* [REQUIRED WORK] Locate, in the data below, the line that contains "LOUIS VUITTON Multicolor" and the line that contains "Kit Presente Eudora"; reproduce exactly those two lines and every line between them, nothing more.

* [DATA SHOWN]

= = = =

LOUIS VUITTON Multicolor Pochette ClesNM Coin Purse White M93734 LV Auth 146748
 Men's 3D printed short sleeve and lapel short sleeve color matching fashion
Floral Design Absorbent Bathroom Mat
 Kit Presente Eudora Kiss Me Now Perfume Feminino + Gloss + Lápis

= = = =

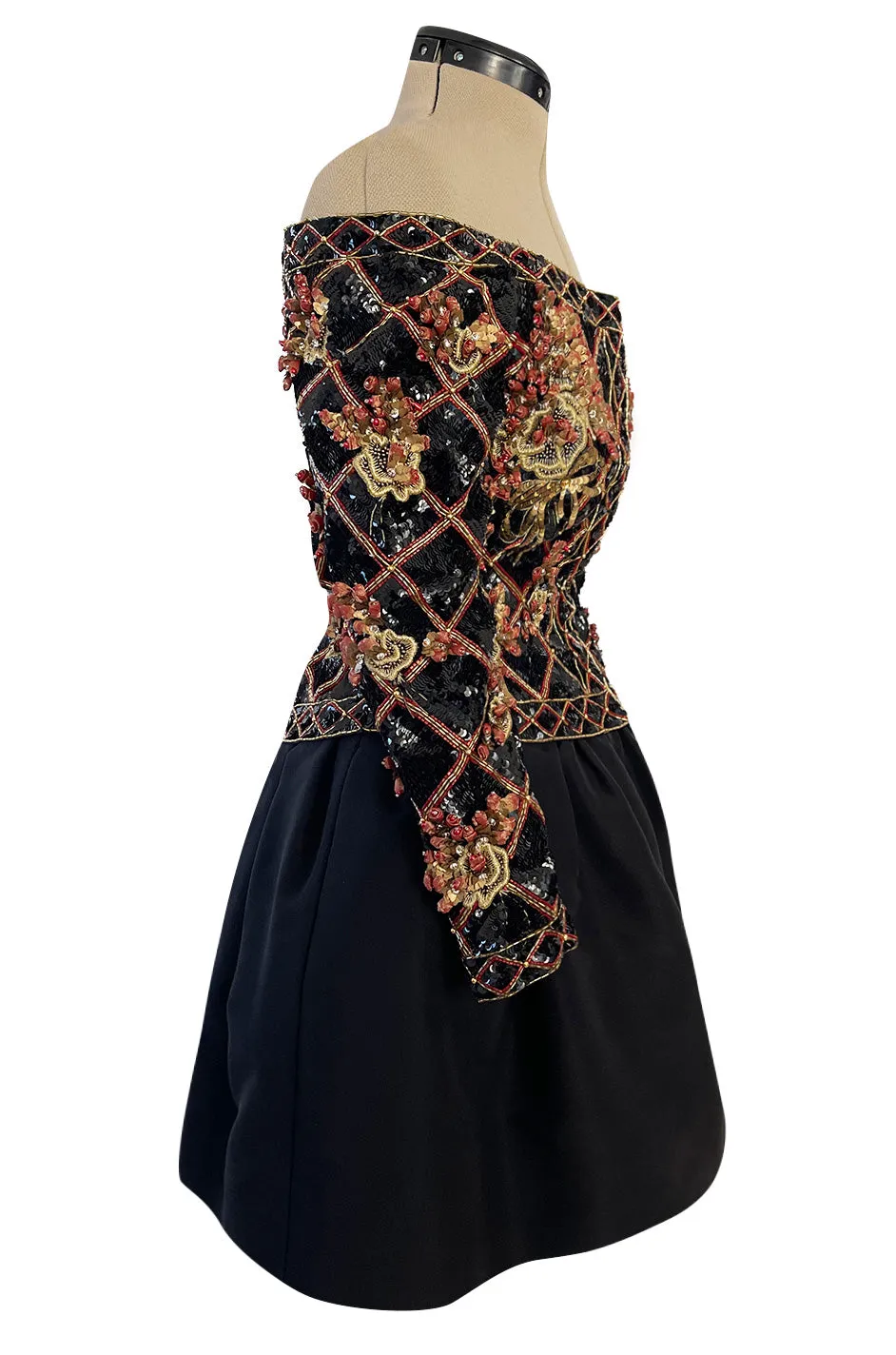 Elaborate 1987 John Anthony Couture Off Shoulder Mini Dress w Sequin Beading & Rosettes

= = = =

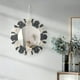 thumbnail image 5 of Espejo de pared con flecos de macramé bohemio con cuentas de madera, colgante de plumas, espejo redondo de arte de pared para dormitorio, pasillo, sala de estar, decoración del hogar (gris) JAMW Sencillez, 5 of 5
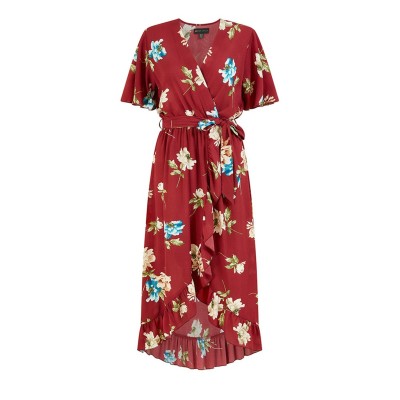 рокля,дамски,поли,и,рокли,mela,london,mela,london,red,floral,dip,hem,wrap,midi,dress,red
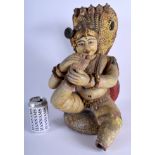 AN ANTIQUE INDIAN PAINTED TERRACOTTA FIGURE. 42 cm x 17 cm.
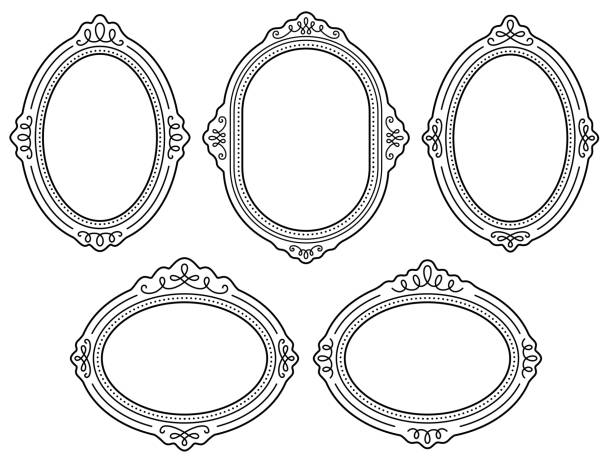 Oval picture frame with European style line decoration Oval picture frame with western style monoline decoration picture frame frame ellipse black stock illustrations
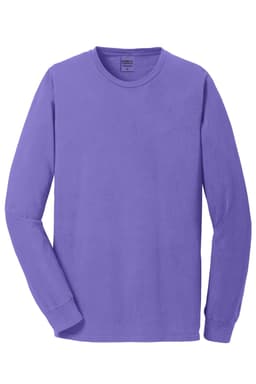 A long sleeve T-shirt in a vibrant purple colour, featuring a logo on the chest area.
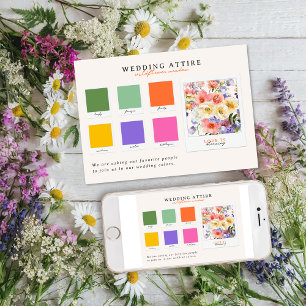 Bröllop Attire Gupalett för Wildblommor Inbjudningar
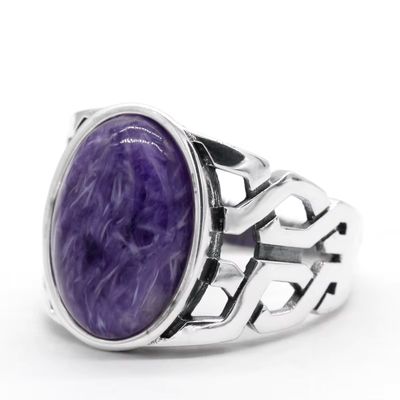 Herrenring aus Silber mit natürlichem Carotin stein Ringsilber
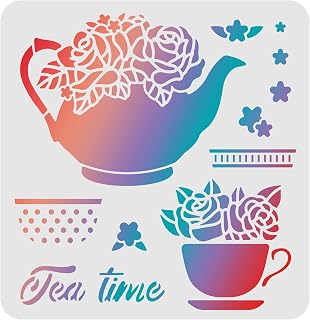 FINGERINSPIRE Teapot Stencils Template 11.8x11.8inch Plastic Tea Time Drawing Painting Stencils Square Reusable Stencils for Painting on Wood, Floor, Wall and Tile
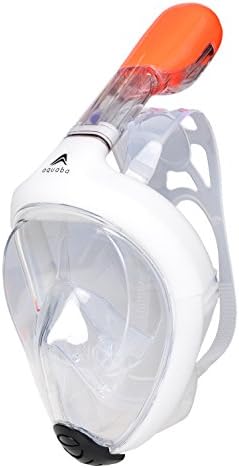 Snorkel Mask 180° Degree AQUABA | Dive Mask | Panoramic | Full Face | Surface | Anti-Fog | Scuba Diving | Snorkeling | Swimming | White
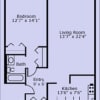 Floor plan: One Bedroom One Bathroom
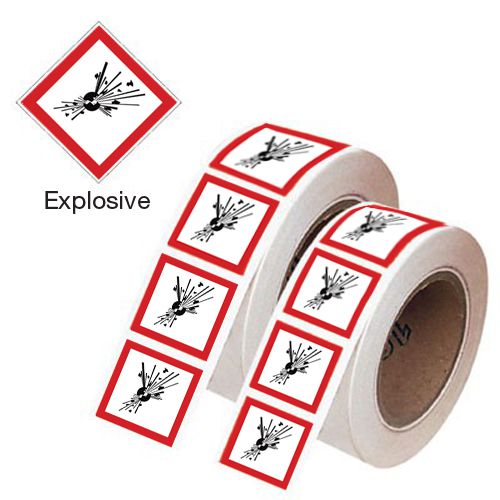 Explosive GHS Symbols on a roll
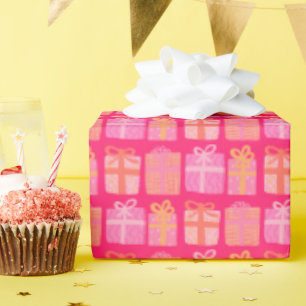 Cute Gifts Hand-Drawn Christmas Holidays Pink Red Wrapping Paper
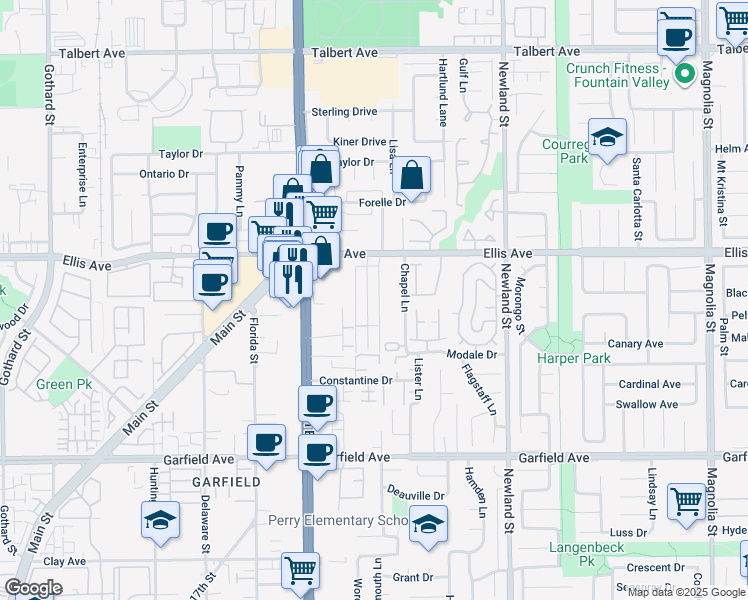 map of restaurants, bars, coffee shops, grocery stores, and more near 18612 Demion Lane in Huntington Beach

= = = =

* [RESPONSE TO THE EXERCISE]
LOUIS VUITTON Multicolor Pochette ClesNM Coin Purse White M93734 LV Auth 146748
 Men's 3D printed short sleeve and lapel short sleeve color matching fashion
Floral Design Absorbent Bathroom Mat
 Kit Presente Eudora Kiss Me Now Perfume Feminino + Gloss + Lápis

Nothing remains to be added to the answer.